For Indian stock market investors, the devil in Budget presentations has always been in the detail.

Past ‘dream’ Budgets which have seen the Finance Minister’s speech greeted with cheers from the gallery, have given way to a more sober mood as investors have discovered provisions relating to taxation of foreign portfolio investors or changes in personal taxation lurking in the Memorandum.

Union Budget 2023, too, seems to have followed this pattern to some extent.

The Nifty 50 which stayed upbeat throughout the budget speech, with gains of 100-200 points, lost the momentum as gains later in the trading session, as more details on the personal tax and sector specific proposals came to light.

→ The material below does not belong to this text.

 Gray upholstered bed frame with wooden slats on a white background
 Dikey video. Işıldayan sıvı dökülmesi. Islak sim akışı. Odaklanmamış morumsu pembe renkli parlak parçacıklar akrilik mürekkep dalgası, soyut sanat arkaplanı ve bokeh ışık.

No nasty surprise for bond market

From a big picture perspective, investors can take heart from the fact that the headline numbers in the Budget had no big shocks to offer to bond or stock market investors.

Podcast | Budget 2023: How was it for bond market investors?  Podcast | Budget 2023: How was it for bond market investors?  

Expectations of the government continuing to provide a capex push to the economy were met, with the capital outlay rising to a generous ₹10 lakh crore for FY24, from the revised estimates of ₹7.28 lakh crore spent in FY23.

The FM also reiterated that, after taking State grants et al into account, the total firepower on capex unleashed by the Budget would be ₹13.7 lakh crore. This is good news for the economy which is currently leaning quite heavily on its investment leg to nudge up growth.

Two, in keeping with trends in the last couple of years, the Budget forecasts on revenue growth, expenditure growth, nominal GDP et all appear fairly realistic, reducing the scope for the fiscal deficit or any other metrics to throw up nasty surprises by the fiscal year-end.

The Budget has assumed a nominal GDP growth of 10.5 per cent for FY24, which is attainable given that real GDP projections for FY24 are now in the 6 to 6.8 per cent range. Not only has the Centre kept to the fiscal deficit red line of 6.4 per cent for FY23, it has reduced its projection to 5.9 per cent FY24.

There were no shockers either in the government announcing gross borrowings of ₹15.4 lakh crore and net borrowings of ₹11.8 lakh crore. The expenditure details suggest subsidy a good balance between continuing high-quality spending to prop up the reviving economy and yet consolidating its finances enough to get back to the deficit target of 4.5 per cent by FY26. The projected 12 per cent increase in tax revenues for FY24 appears attainable.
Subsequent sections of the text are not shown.